**What you will do**
Copy each line below that includes "Shoes".

**Entries supplied**
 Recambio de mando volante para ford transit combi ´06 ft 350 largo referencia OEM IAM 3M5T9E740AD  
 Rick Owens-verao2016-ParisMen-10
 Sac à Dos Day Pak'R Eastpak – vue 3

* * *

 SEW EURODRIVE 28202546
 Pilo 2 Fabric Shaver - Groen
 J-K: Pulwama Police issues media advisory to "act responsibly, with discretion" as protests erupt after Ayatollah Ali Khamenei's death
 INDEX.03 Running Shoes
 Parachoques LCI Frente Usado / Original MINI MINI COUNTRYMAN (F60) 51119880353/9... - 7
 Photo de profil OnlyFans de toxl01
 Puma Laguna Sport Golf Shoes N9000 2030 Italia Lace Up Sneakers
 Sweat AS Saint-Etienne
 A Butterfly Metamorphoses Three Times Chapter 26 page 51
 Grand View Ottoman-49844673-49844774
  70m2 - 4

---

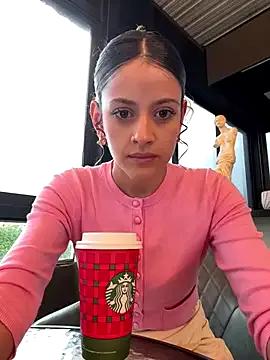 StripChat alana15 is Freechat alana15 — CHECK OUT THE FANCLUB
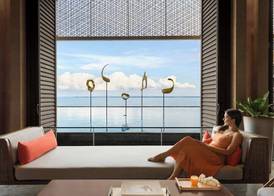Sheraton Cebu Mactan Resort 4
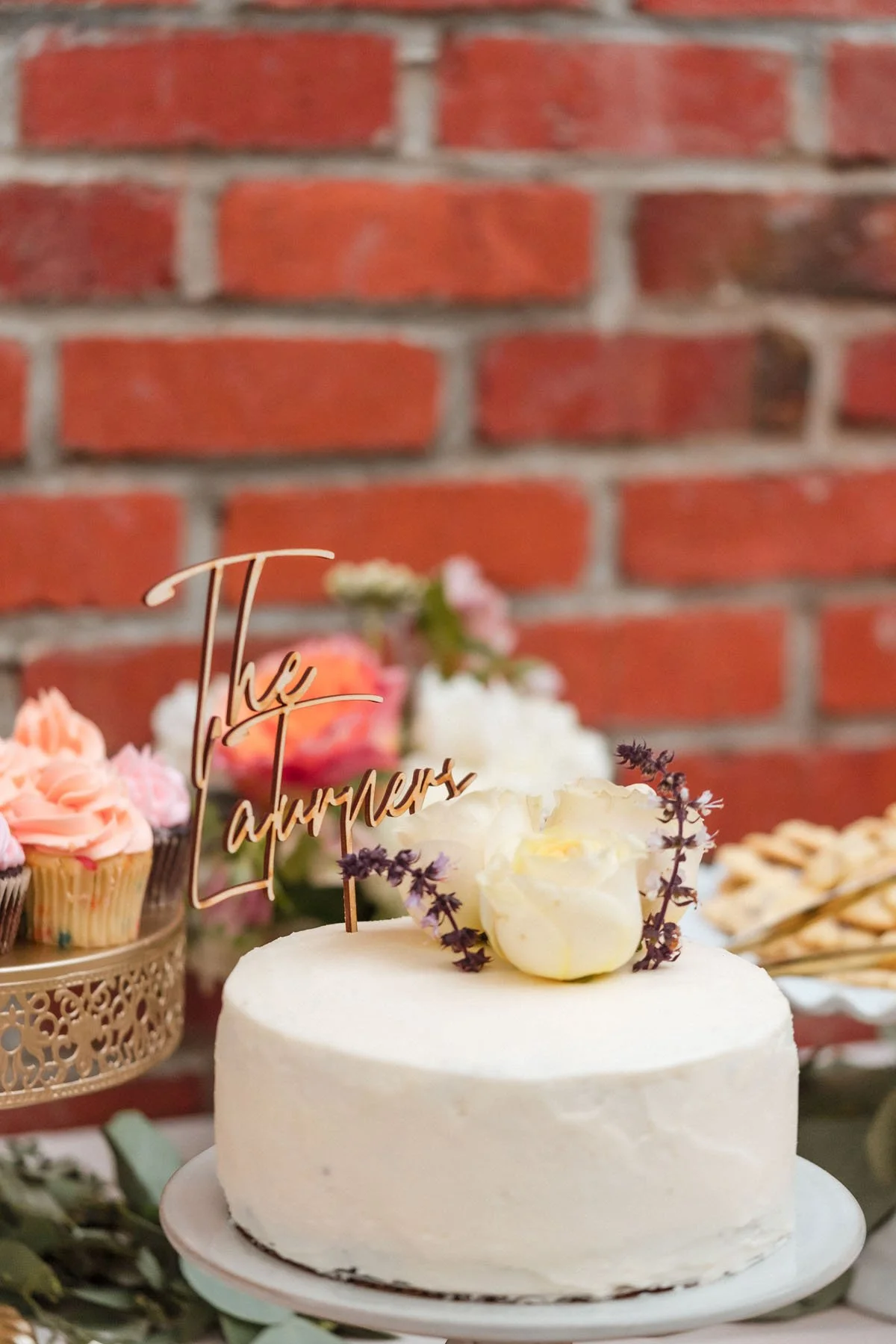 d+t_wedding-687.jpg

**Result of the task**
 INDEX.03 Running Shoes
 Puma Laguna Sport Golf Shoes N9000 2030 Italia Lace Up Sneakers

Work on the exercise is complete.